Electrophysiologic Evaluation


See Table 36–2 .



  • 1

    Routine motor and sensory nerve conduction studies are normal as a rule. Generally, one motor and sensory nerve conduction study and F responses in an upper and lower extremity will suffice.


  • 2

    Concentric needle EMG of at least one upper and one lower extremity and paraspinal muscles should be performed. In contrast to DM1, the myotonic discharges tend to be predominantly waning potentials ( Figure 36–5B ). These potentials are less specific than the classic waxing and waning discharges typically associated with myotonia. The distribution of the myotonic discharges in the upper extremities in DM2 is surprisingly more prominent in the distal than in the proximal muscles, similar to DM1. The leg, however, is different. Although myotonic discharges are present in distal muscles (e.g., the tibialis anterior), the number of myotonic discharges is not significantly greater in distal than in proximal muscles (e.g., tensor fascia lata). Thus, the presence of myotonic discharges in the proximal lower extremity muscles is much more common in DM2 than DM1. Similar to DM1, the absence of myotonic discharges does not exclude the diagnosis of DM2. Complex repetitive discharges are noted occasionally. MUAP analysis reveals myopathic (low amplitude, short duration, polyphasic) MUAPs with early recruitment, which are generally noted in the proximal lower extremity muscles.

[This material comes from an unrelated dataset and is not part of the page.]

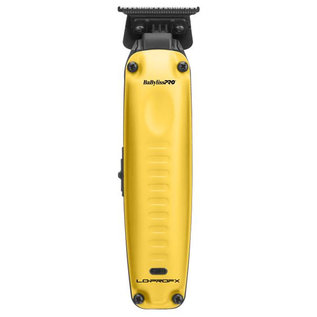 BabylissPRO BabylissPRO Lo-PRO FX Cordless Trimmer Infuencer Andy Yellow Limited Edition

    Once the nerve conduction studies and EMG are completed, the presence of myotonia with myopathic MUAPs has been established on needle examination, present primarily in proximal muscles of the lower extremity, and distal muscles of both the upper and lower extremities. Few disorders associated with myotonia have a proximal predominance with myopathic MUAPs. Rarely, prominent myotonic discharges, complex repetitive discharges, and myopathic MUAPs in the very proximal muscles are noted in patients with adult-onset acid maltase deficiency. In this disorder, however, the myotonic discharges are generally restricted to the paraspinal muscles. Myotonic discharges also may be seen in some cases of polymyositis, where abnormal spontaneous activity and MUAP changes are more prominent proximally. However, myotonic discharges are only infrequently seen in polymyositis. In the myotonia congenitas, myotonic discharges are noted mostly in proximal muscles as well, but with rare exception (i.e., some cases of recessive generalized myotonia congenita), there are no myopathic MUAP changes.


  • 3

    The effects of muscle cooling and the short and prolonged exercise tests have not been well described for this disorder. Short exercise testing in one patient personally examined by the authors revealed no drop in the CMAP amplitude recording from a distal hand muscle. This negative finding may reflect the proximal predominance of weakness.